Notevoli rischi ambientali sono oggi rappresentati dall'espansione dell'abitato e degli insediamenti industriali, dall'incognita dei piani regionali di mobilità e conseguentemente di escavazione, che potrebbero stravolgere l'attuale assetto della viabilità e delle destinazioni produttive e paesaggistiche occupando una parte ingente dell'attuale campagna, soprattutto nelle zone naturalistiche ancora interessanti come la costa e tutto il declivio verso il letto dell'Adda.
Non c'è molto da dire sulle tradizioni casiratesi, per lo più riconducibili alla ritualità religiosa comune a tutto il territorio circostante e come tali in netto declino.

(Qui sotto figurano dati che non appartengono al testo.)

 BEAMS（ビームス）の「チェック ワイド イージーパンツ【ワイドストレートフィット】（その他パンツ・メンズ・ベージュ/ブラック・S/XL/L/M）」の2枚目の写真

Feste patronali del paese sono la ricorrenza di S. Marco, il 25 aprile, con processione al Santuario di Caravaggio e la celebrazione della Madonna ad ottobre. Tipiche dei periodi estivi erano nei tempi passati le "infiorate" di carta che ornavano i portoni dei cortili, le "foiade", una tipica pasta confezionata in casa a forma di farfalla, condita con sughi con i quali i casiratesi si sbrodolavano abbondantemente gli abiti festivi, a detta dei visitatori pettegoli, e le ciambelle, che non avevano niente di diverso da quelle preparate nei paesi vicini.
Altre usanze, come le sfilate carnevalesche di carri e le competizioni tra "contrade", sono invenzioni recenti e non hanno nessun fondamento storico nel paese.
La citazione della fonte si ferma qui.